Prebiotics can be described as dietary fiber because they are indigestible; however, not all fibers are prebiotics, because they are not processed by intestinal microorganisms, which are selective [5,6]. The most widely used prebiotics are fructo-oligosaccharides (FOS), inulin, and galacto-oligosaccharides (GOS). GOS are potent non-digestible prebiotics composed of three to 10 molecules of galactose and glucose, and the elongation products of β-galactosidase. GOS molecules are known to contain a varying degree of β-glycosidic linkages and promote digestive and immune health through the growth of beneficial bacteria [7]. In our previous reports, GOS prebiotic activity has been reported to contribute to skin health, both alone and as a component of complex probiotics, by enhancing the growth of beneficial intestinal microbial flora [8]. GOS administration in hairless mice inhibited the increase in transepidermal water loss (TEWL) and increased the water holding capacity; moreover, it is reported to upregulate the CD44 gene, which is closely related to the maintenance of hyaluronic acid homeostasis. In addition, it was reported that after an intake of 1 g GOS, the water holding capacity increased and transdermal moisture loss significantly changed [9]. GOS as a prebiotic in an atopic dermatitis-induced NC/Nga mouse model minimized the production of interleukin 10 and suppressed the production of cytokines, such as interleukin 17 [10].
Although many studies have demonstrated that GOS intake has a moisturizing and anti-inflammatory effect, no elaborate studies on the mechanism of action in GOS have been conducted.
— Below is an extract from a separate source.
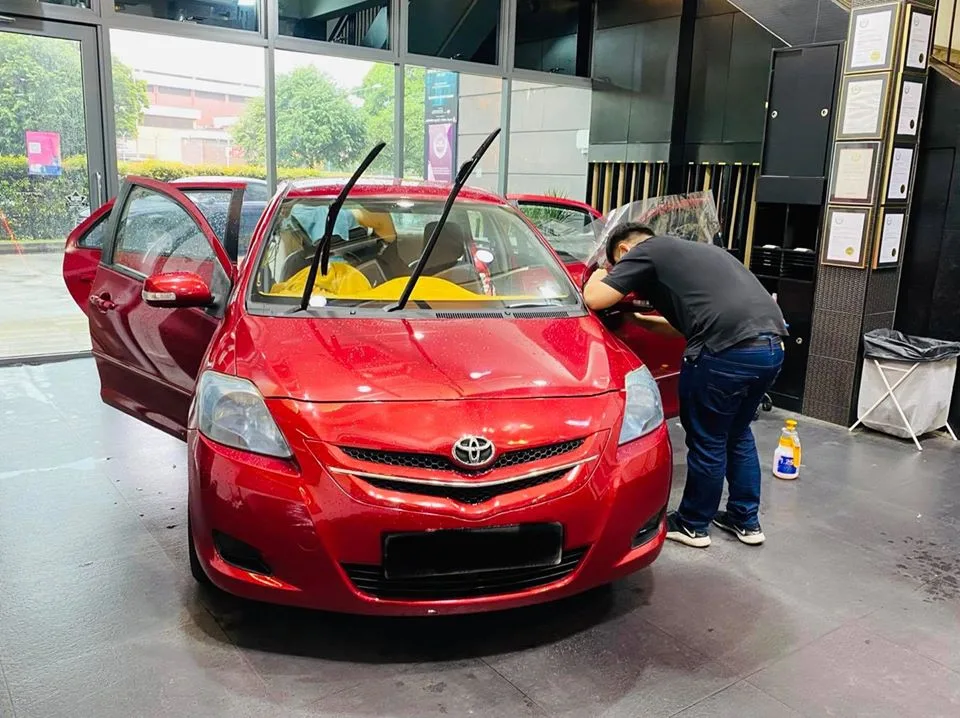 Red Toyota sedan having its windscreen prepped for window tinting at Infratint Singapore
Therefore, this study aimed to investigate the effect and mechanism of skin photoprotection by GOS administration.
2. Results and Discussion
2.1. Effect of GOS Intake on Water Holding Capacity and TEWL in UVB-Irradiated Hairless Mice
When the skin is repeatedly exposed to ultraviolet rays, reactive oxygen species (ROS) are generated and promote the production of proinflammatory cytokines; this activates various signaling systems and increases the inflammatory response [11,12]. The increased expression of matrix metalloproteinases (MMPs) also increases collagen degradation. These changes in skin tissue increase skin thickness and alter the structure of the dermal layer, damaging the normal skin barrier function that regulates the water holding capacity and TEWL. Maintenance of the skin barrier is a dynamic process that involves the coordination of various signaling systems, supplementation of the missing lipids, and induction of biosynthesis [13].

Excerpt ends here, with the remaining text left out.